Pierre Elliott Trudeau, the Prime Minister of Canada from 1968 to 1979 and again from 1980 to 1984, argued that the rights of Canadians should be given special protection by being included or entrenched in the constitution of the country. This was done when the Charter of Rights and Freedoms was made law in 1982. It became the set of rules to which all politicians referred when creating laws and to which all judges referred when deciding what those laws meant.

The Prime Minister, Pierre Trudeau, and Queen Elizabeth II Sign the Canadian Constitution, Ottawa, Ontario, 17 April 1982.
National Archives of Canada (PA-140705, photo by Robert Cooper).

The Prime Minister, Pierre Trudeau, and Queen Elizabeth II Sign the Canadian Constitution, Ottawa, Ontario, 17 April 1982.

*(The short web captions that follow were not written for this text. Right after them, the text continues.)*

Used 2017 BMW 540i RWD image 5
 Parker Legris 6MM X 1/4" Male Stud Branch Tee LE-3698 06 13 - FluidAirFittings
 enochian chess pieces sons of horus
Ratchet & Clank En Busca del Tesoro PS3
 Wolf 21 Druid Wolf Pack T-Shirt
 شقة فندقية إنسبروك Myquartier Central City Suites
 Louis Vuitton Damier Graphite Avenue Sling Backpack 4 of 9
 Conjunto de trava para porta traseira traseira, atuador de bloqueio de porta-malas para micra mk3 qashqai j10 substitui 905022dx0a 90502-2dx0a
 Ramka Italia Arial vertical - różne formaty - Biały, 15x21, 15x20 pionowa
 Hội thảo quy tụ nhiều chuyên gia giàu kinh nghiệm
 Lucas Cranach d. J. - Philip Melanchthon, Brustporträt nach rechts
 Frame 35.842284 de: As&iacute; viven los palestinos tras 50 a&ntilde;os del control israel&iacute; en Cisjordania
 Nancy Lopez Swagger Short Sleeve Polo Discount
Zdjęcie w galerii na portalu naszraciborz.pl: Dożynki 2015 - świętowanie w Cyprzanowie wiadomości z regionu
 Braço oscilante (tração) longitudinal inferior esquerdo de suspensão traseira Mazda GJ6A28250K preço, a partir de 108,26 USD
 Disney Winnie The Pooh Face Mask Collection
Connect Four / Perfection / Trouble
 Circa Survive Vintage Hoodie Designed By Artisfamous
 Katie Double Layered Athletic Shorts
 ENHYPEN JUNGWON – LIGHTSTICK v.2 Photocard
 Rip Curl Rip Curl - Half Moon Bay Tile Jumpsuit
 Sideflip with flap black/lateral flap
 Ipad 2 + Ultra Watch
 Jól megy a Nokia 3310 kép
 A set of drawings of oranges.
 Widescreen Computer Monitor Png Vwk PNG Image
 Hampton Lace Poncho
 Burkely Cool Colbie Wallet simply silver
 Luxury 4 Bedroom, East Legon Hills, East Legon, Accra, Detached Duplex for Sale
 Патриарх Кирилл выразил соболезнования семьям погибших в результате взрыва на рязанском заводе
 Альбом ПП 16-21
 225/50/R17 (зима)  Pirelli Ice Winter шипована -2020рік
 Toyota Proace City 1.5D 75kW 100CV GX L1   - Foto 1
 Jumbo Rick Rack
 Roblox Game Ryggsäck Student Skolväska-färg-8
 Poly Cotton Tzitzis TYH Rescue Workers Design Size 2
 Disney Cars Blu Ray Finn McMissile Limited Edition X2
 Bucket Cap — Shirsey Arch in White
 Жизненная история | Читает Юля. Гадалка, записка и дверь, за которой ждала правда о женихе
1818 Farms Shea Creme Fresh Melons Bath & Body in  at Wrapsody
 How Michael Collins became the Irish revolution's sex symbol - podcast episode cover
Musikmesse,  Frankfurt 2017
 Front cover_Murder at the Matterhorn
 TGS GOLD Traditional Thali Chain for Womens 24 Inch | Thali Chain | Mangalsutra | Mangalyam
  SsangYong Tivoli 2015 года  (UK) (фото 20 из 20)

The rights and freedoms enshrined in the Charter include:

  • Fundamental freedoms such as freedom of religion, freedom of expression, freedom of the press, freedom of peaceful assembly, and freedom of association.
  • Democratic rights: generally, the right to participate in political activities and the right to a democratic form of government.
  • Mobility rights: the right to enter and leave Canada, and to move to and take up residence in any province, or to reside outside Canada.
  • Legal rights: rights of people in dealing with the justice system and law enforcement.
  • Equality rights: equal treatment before and under the law, and equal protection and benefit of the law without discrimination.
  • Language rights: generally, the right to use either the English or French language in communications with Canada's federal government and certain provincial governments.
  • Minority language education rights: rights for certain citizens belonging to French or English-speaking minority communities to be educated in their own language.